„Nichts davon wird sich ändern, wenn man stattdessen wieder über Rassismus diskutiert.“

Wurde Ralph Yarl seine Hautfarbe zum Verhängnis? Der 16-Jährige hatte am späten Abend des 13. April seine kleinen Brüder abholen wollen, irrte sich aber an der Haustür und wurde daraufhin vom Hausbesitzer Andrew Lester angeschossen und dabei fast getötet. Darf man jemanden erschießen, nur weil er an der Haustür klingelt und schwarz ist, fragte der USA-Korrespondent dieser Zeitung?„Black lives matter“, riefen kurz darauf Demonstranten vor Lesters Grundstück.

Nicht nur in den USA machte der Fall Schlagzeilen. Die schwarze Schauspielerin Halle Berry meldete sich zu Wort. US-Präsident Joe Biden rief den Jugendlichen im Krankenhaus an und lud ihn ins Weiße Haus ein. „Auf Ralph Yarl wurde geschossen, weil er bewaffnet war mit nichts als seiner schwarzen Haut“, erklärte Yarls Anwalt Lee Merritt. Imani Perry, Professorin für African American Studies an der Eliteuniversität Princeton, zog gar einen Vergleich zur Zeit der gesetzlichen Rassentrennung in den USA, in der Schwarzen das Betreten einiger Siedlungen nach Sonnenuntergang verboten war. „Damals gab es angeblich Stunden, in denen es sicher war, auf der Straße schwarz zu sein.

Und heute?“ Kaylin Gilles wurde erschossen, als sie versehentlich mit dem Auto in eine private Einfahrt abbog. In Columbus, Ohio, töte ein Hausbesitzer den Obdachlosen Kevin J. Smith, den er in seiner Garage fand, wo er offenbar geschlafen hatte. In Elgin, Texas, irrte sich die Cheerleaderin Heather Roth und öffnete die Tür des falschen Autos. Sie erkannte den Fehler und kehrte um, doch der Autofahrer lief ihr hinterher, schoss auf das Auto, in das sie später einstieg, und verletzte eine andere Cheerleaderin schwer. Als der Hausbesitzer Robert Louis Singletary einen Basketball auf sein Grundstück rollen sah, zog er eine Waffe, feuerte auf seine Nachbarn und verletzte dabei einen Mann, eine Frau und ihre sechs Jahre alte Tochter.
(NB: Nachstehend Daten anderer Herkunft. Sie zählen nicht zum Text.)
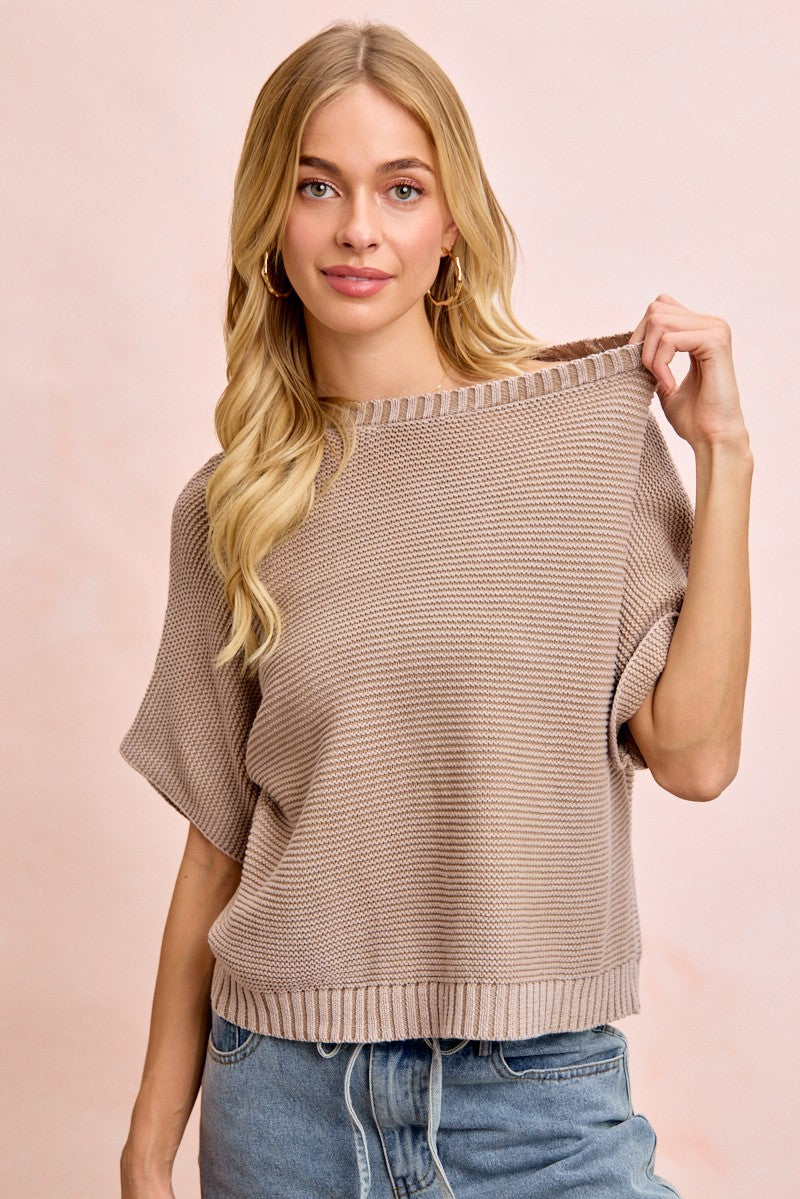 Woman wearing a beige sweater and blue jeans against a pink background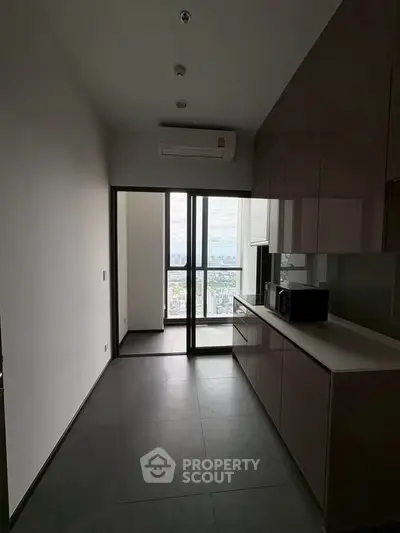 Modern kitchen with sleek cabinetry and city view from balcony, featuring built-in microwave and air conditioning.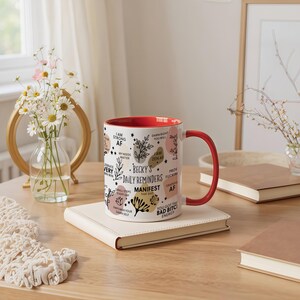 May include: A white ceramic mug with a red interior and handle, featuring the text "Becky's Daily Reminders" and other affirmations. The mug is decorated with floral and abstract designs. It sits on a cream-colored notebook on a wooden table.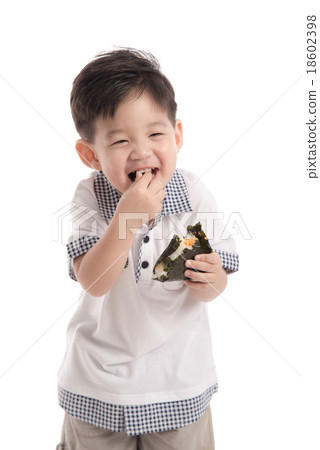 Cute asian child eating rice ball or onigiri Cute asian child eating rice ball or onigiri 18602398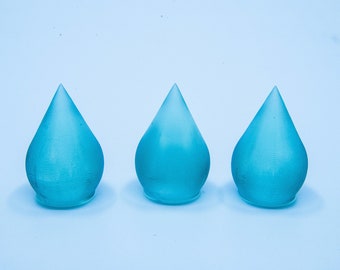 May include: Three blue glass teardrop-shaped ornaments. The ornaments are frosted and have a slightly textured surface.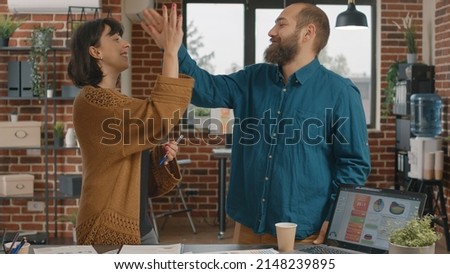 Colleagues giving highfive while brainstorming ideas to design project and plan marketing strategy. Man and woman celebrating success at research meeting, showing unity in startup office.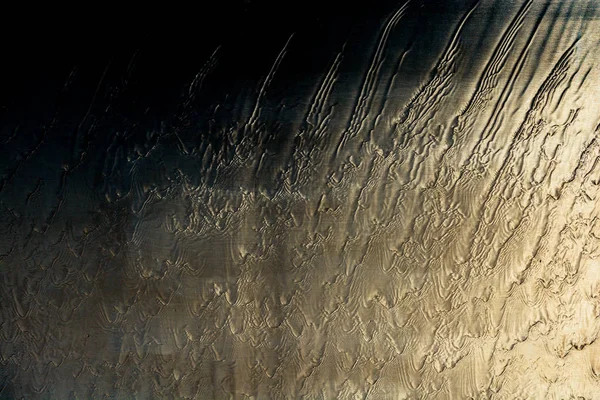 Metal yüzeydeki su akışı soyut doku arkaplanı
All dies geschah in derselben Woche wie die Schüsse auf Ralph Yarl. Aber nur sein Fall erregte nationale und internationale Aufmerksamkeit. Warum? Die Beteiligten in den anderen geschilderten Fällen waren weiß – mit Ausnahme Singletarys, der aber Täter war und nicht Opfer.

Das bedeutet nicht, dass Rassismus keine Rolle spielte. Der offenbar rechtsextreme Lester, der durch eine Glastür auf Yarl feuerte, hätte sich von einem weißen Jugendlichen vielleicht nicht „bedroht” gefühlt. Rassismus existiert und ist weiterhin ein großes Übel, nicht nur in Amerika.

Aber die anderen Fälle hatten, so wie der Großteil der Tötungen mit Schusswaffen in den USA, nichts mit Rassismus zu tun. Sondern mit der tödlichen Kombination aus 400 Millionen Schusswaffen, einer kulturell bedingten Bereitschaft, sie einzusetzen und Gesetzen, die es erlauben, in oder auf dem eigenen Besitz tödliche Gewalt anzuwenden, sobald man sich bedroht fühlt. Nichts davon wird sich ändern, wenn man stattdessen wieder über Rassismus diskutiert.